The study examines magnonic crystals composed of ferromagnetic spheroids arranged on cubic lattices embedded in a different ferromagnetic matrix. The authors aim to determine spin‑wave spectra of three‑dimensional magnonic crystals composed of two ferromagnetic materials using the plane‑wave method. They employ the plane‑wave method to calculate spin‑wave spectra in these structures. Magnetic gaps appear only when magnetization and/or exchange contrast exceeds a lattice‑dependent threshold; fcc lattices provide the widest gaps, which scale linearly with contrast and are maximized for nearly spherical scatterers, while dipolar interactions reduce gap width only for lattice constants larger than the exchange length.

Abstract

We use the plane-wave method to determine spin-wave spectra of three-dimensional magnonic crystals (the magnetic counterpart of photonic crystals) composed of two different ferromagnetic materials.
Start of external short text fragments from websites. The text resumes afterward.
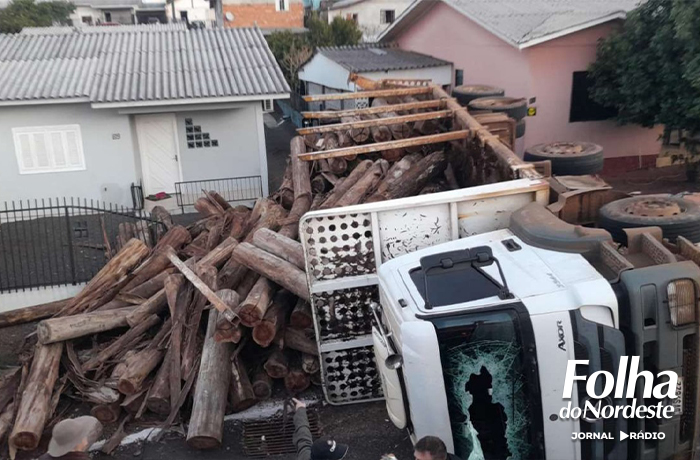 Motorista evita tragédia ao tombar caminhão carregado com toras em rua íngreme de Tapejara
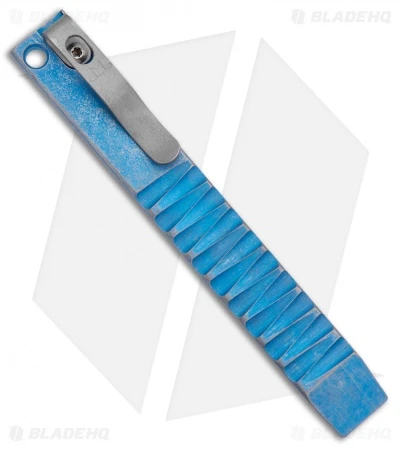 Maverick Customs 5" Pocket Pry Bar Tool Titanium Blue Alternating Zig-Zag 1 Maverick Customs 5" Pocket Pry Bar Tool Titanium Blue Alternating Zig-Zag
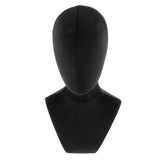 Maxbell Velvet Head Mannequin Bust (Black), Jewelry Display Model for Wigs/Scarf/ Cap/Headphone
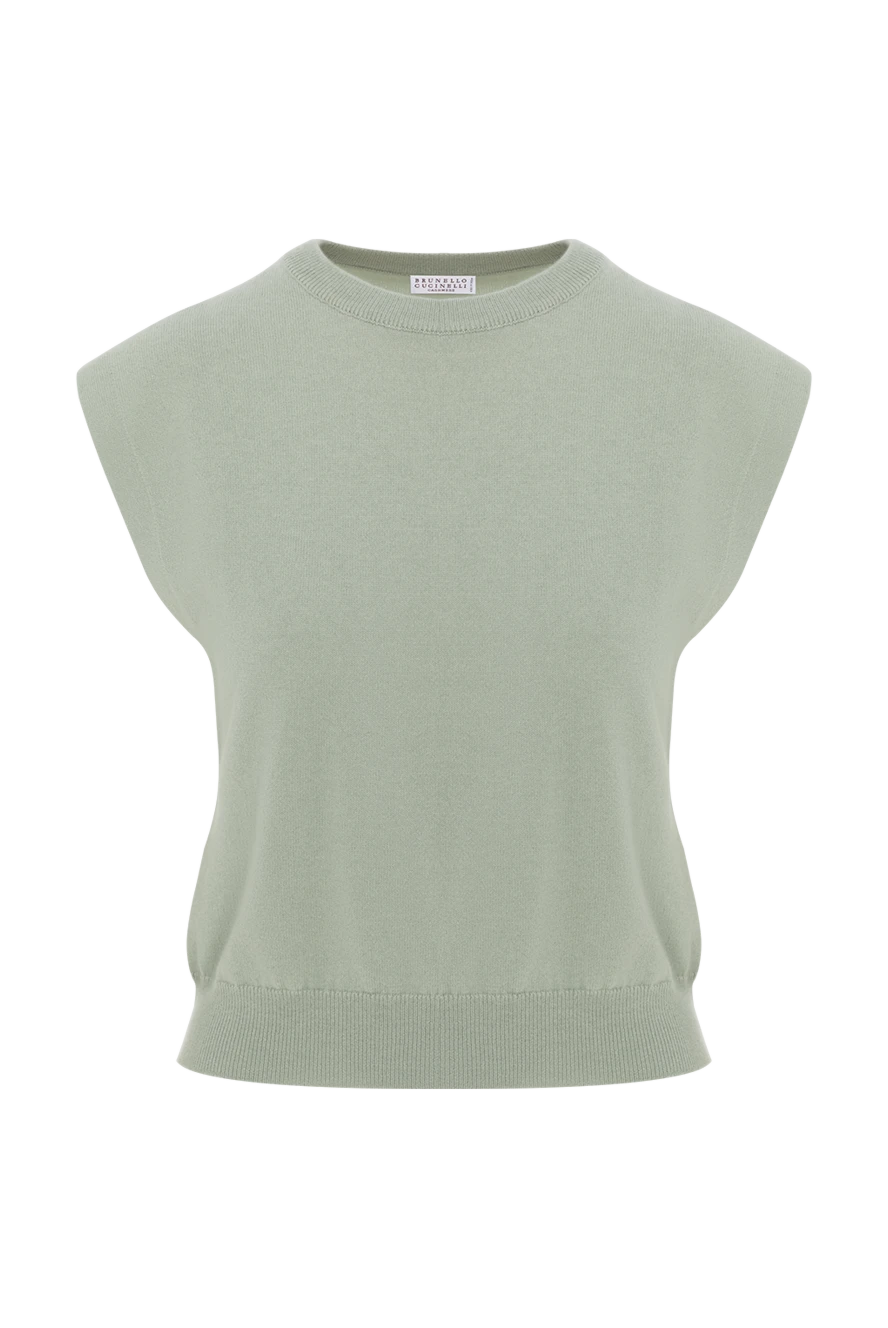 Brunello Cucinelli әйелдерге арналған жасыл кашемирден тоқылған топ 188438 - фото 1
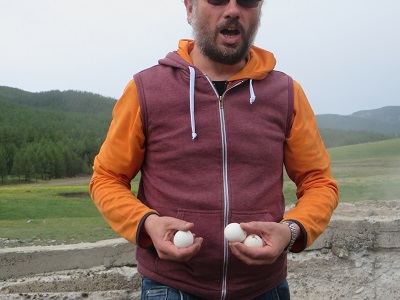 Mike with some boiled eggs done in Tsenkher springs
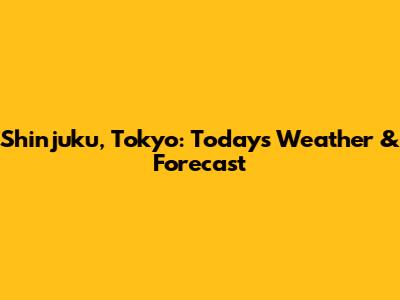 Shinjuku, Tokyo: Today's Weather & Forecast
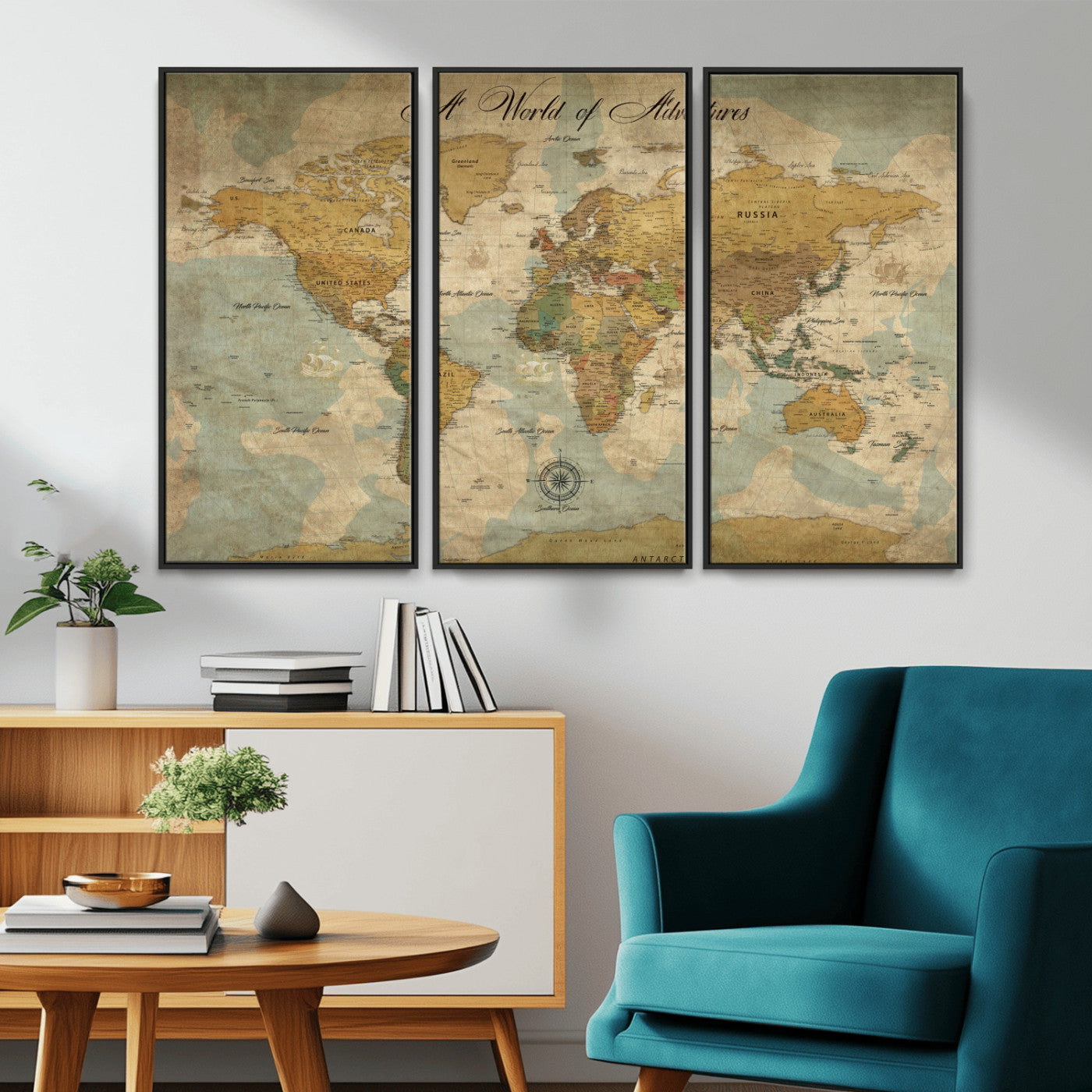 Rehber01-MGV-CV-36X24-Personalized World Map Canvas – Custom Framed Push Pin Travel Map Wall Art, Vintage Style Gift for Couples or Families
The scattering centers in the magnonic crystal considered are ferromagnetic spheroids (spheres being a special case) distributed in sites of a cubic (sc, fcc, or bcc) lattice embedded in a matrix of a different ferromagnetic material. We demonstrate that magnonic gaps in such structures occur at spontaneous magnetization contrast and/or exchange contrast values above a certain critical level, which depends on the lattice type. Optimum conditions for magnonic gaps to open are offered by the structure in which the scattering centers are the most densely packed (the fcc lattice). We show that in all three lattice types considered the reduced width of the gap (i.e., the width referred to the gap center) is, in good approximation, a linear function of both the exchange contrast and the magnetization contrast. Also, the gap width proves sensitive to scattering center deformation, and its maximum value to correspond to a scattering center shape close to a sphere. Moreover, our numerical results seem to indicate that dipolar interactions in general result in an effective reduction of the gap width, but their impact only becomes of importance when the lattice constant of the cubic magnonic structure is greater than the ferromagnetic exchange length of the matrix material.